Figure 1: Conformal ECO has issue in handling boundary optimization
Another contributing factor could be the presence of unmapped hierarchies. Conformal ECO may encounter difficulties in addressing mapped key points within these unmapped hierarchies, as illustrated below.
Figure 2: Conformal ECO has issue in handling unmapped hierarchies
These errors pose substantial challenges in Conformal ECO, lacking viable solutions or alternatives. When users encounter these issues, Conformal ECO falls short in producing an effective patch, compelling them to resort to abandoning the ECO process and initiating a restart with a newly generated netlist for the back-end. This setback significantly impacts the project schedule.
Moreover, even if Conformal ECO manages to generate a patch without the aforementioned errors, the resulting ECO netlist frequently faces difficulties in passing logic equivalence checking. This is especially pronounced when the patch involves hundreds or thousands of gates.

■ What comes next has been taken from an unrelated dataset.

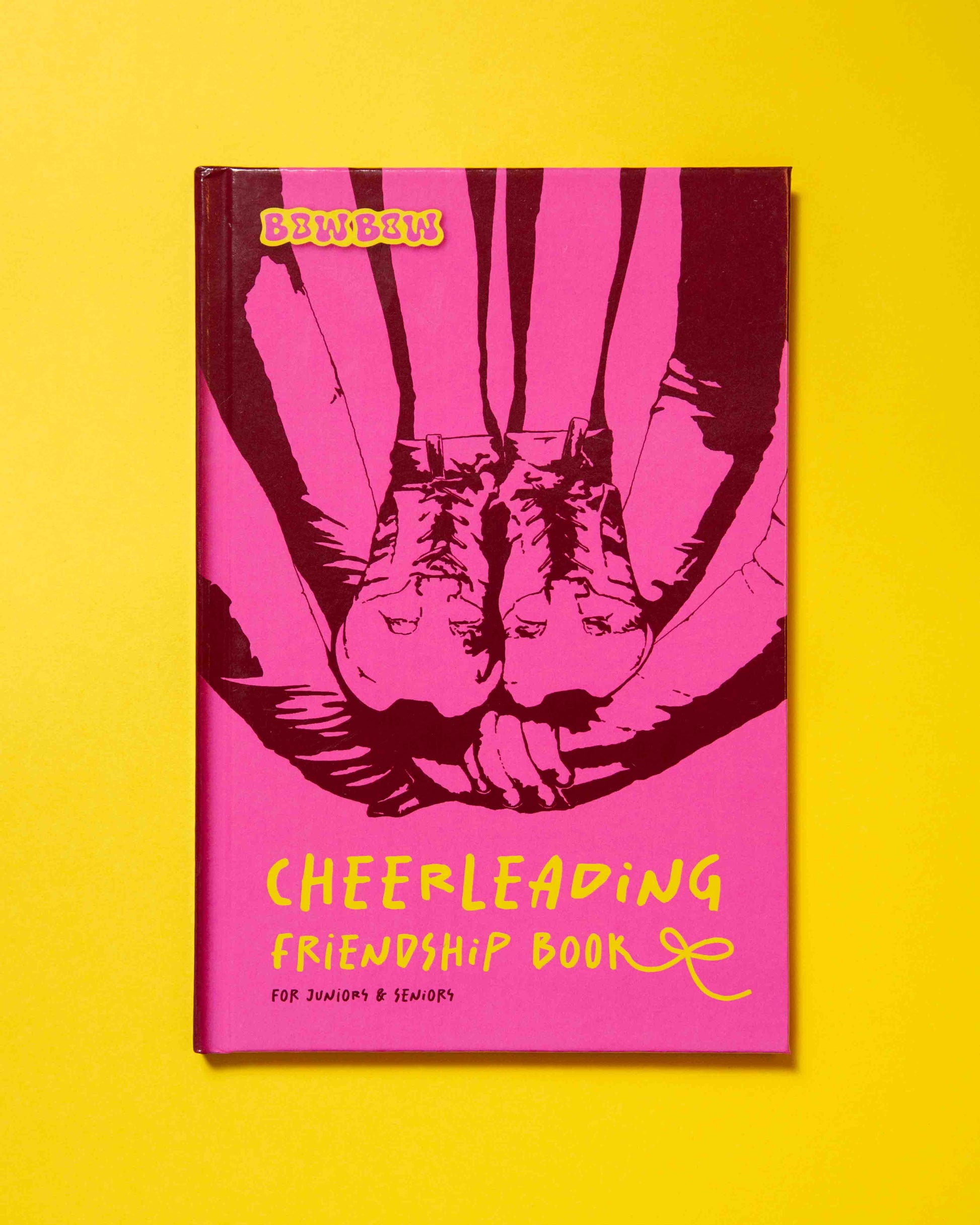 the Cover of the Book: CHEERLEADING FRIENDSHIP BOOK: for Juniors & Seniors is laying on yellow background.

In contrast, GOF ECO effectively tackles and overcomes these challenges where Conformal ECO falls behind. GOF ECO integrates a powerful algorithm for restoring nets in boundary-optimized designs. Moreover, it exhibits accuracy in managing ECO tasks that encompass mapped flops across distinct hierarchies. Notably, GOF ECO boasts a significantly higher success rate, particularly when dealing with ECO patches involving hundreds or thousands of gates.
When evaluating ECO quality under the condition of Conformal ECO results passing logic equivalence checking, there are several identified performance issues. Firstly, Conformal ECO exhibits suboptimal performance on netlists generated by Synopsys Design Compiler Topographical (DCT) or Design Compiler Graphical (DCG). Secondly, it encounters a bug in effectively handling complex combinational logic during ECO. Thirdly, it demonstrates inadequacy in addressing ECOs involving DFT scan chains.
Synopsys Design Compiler Topographical (DCT) and Design Compiler Graphical (DCG) are tools that optimize netlists for floorplanning, routing, and timing. However, they can make functional ECO more difficult. During synthesis, they can change hierarchical module boundaries to add clone ports or invert the original ports' phase and merge flops.
Conformal ECO has issues with ports mapping in functional ECO. As shown in Figure 3, Conformal ECO incorrectly maps the clone ports added by DCG/DCT, resulting in three times more gates being used than necessary to fix the logic.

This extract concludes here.